DC assistant police chief says she was once told to ‘have an abortion or be fired’

A Black woman participating in a $100 million class-action lawsuit against the Metropolitan Police Department (MPD) in Washington, D.C., for alleged discrimination and abuse said in an impromptu statement that she was coerced into having an abortion by superiors, and threatened with the loss of her job if she didn’t.

Chanel Dickerson, the assistant chief of the Youth and Family Engagement Bureau, is the highest-ranking Black woman at the MPD. She spoke at a community meeting on Tuesday about her experiences. “When I was 18 years old as a police cadet, I was told I had to have an abortion or be fired from the MPD cadet program,” Dickerson said. “Wow. My choice to have a baby was personal and it should’ve been mine alone and not for an employer ultimatum.”

She continued, noting that other women suffered similarly. “Fast forward from that time, I think about… my female colleagues, when I was promoted to sergeant,” she said. “And it was another sergeant who was promoted with me and she needed a shift that was conducive to taking care of her child as a single mother. Unfortunately, she had to do things no woman should ever have to do to care for her child.”

Since being pressured into an abortion, Dickerson has not had any more children, and explained that her statement about the coerced abortion hadn’t been planned.

READ: Fired for being pregnant, this UK mom now fights against pregnancy discrimination

Ten women are participating in the lawsuit, saying they faced racial and sexual discrimination, “a hostile workplace, and systemic retaliation by management.” While the women have stated that they suffered bullying and discrimination, they also noted that if any of them complained or fought back against the unfair treatment, they were punished. The MPD Equal Employment Office (EEO) allegedly dismissed their concerns when it was brought to their attention.

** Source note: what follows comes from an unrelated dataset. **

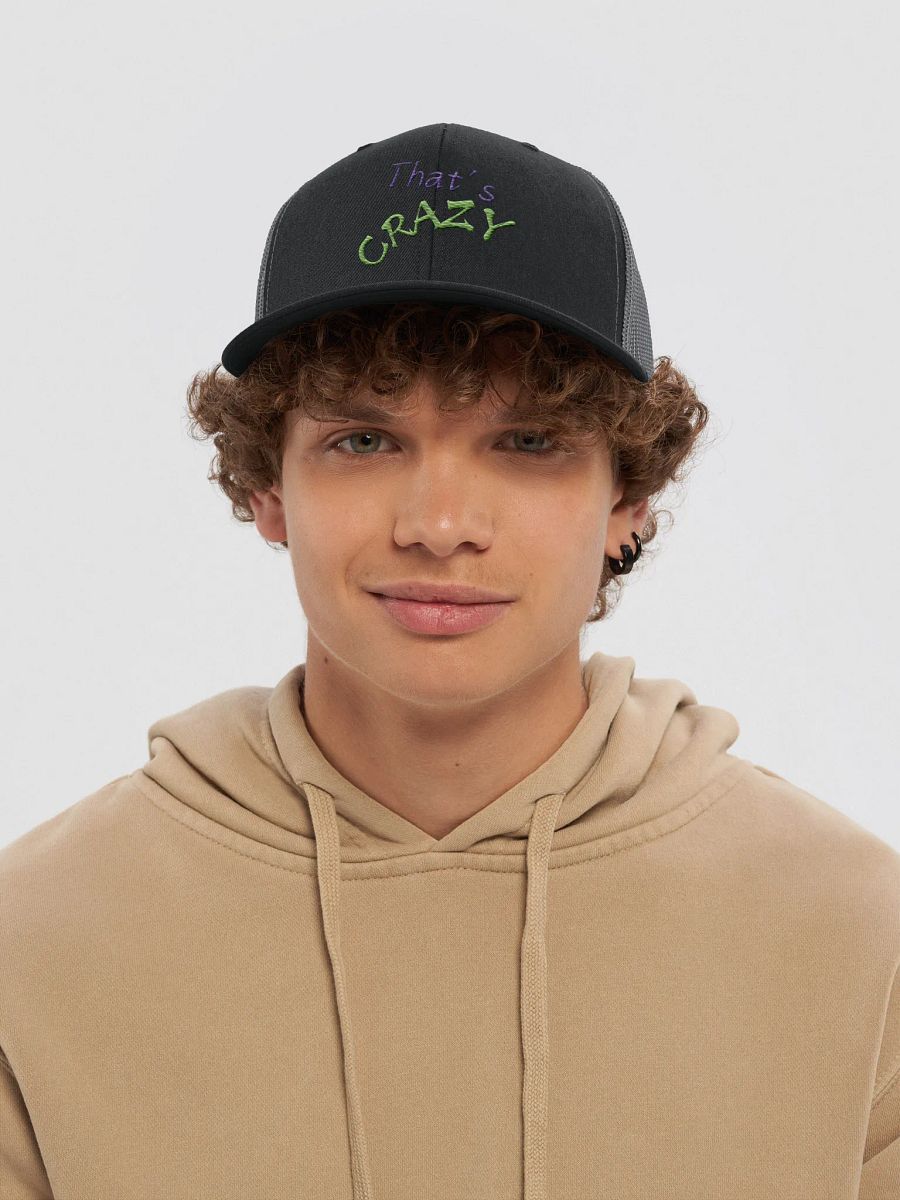 Crazy TRUCKER Hat product image (25)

“But the worst of it, we were labeled as troublemakers, angry Black women,” Dickerson previously said, according to WUSA9. “And I’m here to say we are not angry Black women. We are tired women. And no one should have to endure what we did.”

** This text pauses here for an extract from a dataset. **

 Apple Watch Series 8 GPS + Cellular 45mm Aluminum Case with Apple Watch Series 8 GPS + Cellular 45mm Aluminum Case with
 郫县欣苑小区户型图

Pregnant women have frequently suffered discrimination in the workplace, despite legal protections. Employers like UPS, Nike, Planned Parenthood, Google, and Walmart have all been accused of pushing women out of their jobs for getting pregnant. Meanwhile, politicians, pharmaceutical companies, car dealerships, and countless other employers have been accused of coercing women into abortions under threat of job loss. Pregnant women in the military have also reported being pressured to have abortions to keep their jobs. Female students at military academies likewise face pressure to abort; choosing to parent results in expulsion.

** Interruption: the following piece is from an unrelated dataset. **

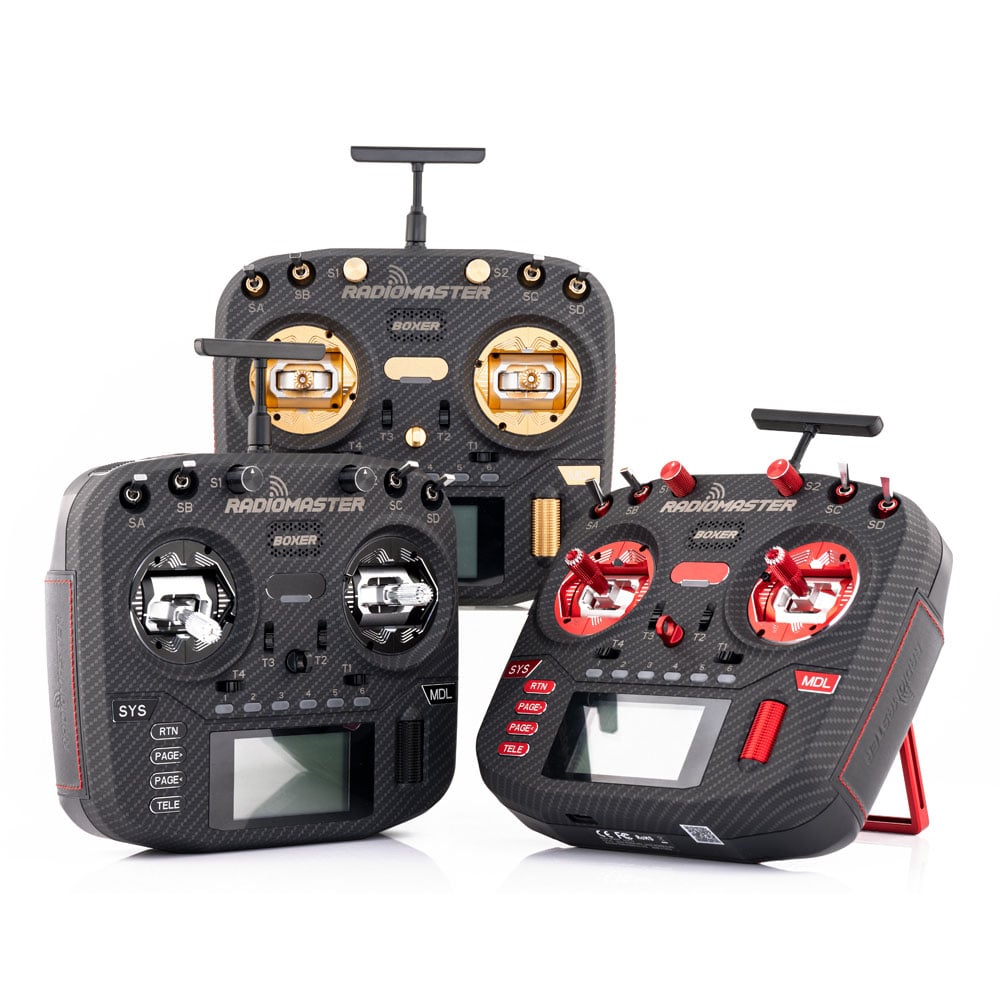 Radiomaster Boxer MAX Transmitter (ELRS)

Because of legal abortion, there is no incentive for employers to accommodate women’s pregnancies. Those accommodations are considered too expensive, or bad for the bottom line — because abortion enables women to keep working without being an “inconvenience” to their managers by carrying a baby or raising a child. This anti-woman status quo will continue until women and their children are seen as important and valuable enough to be taken care of in the workplace.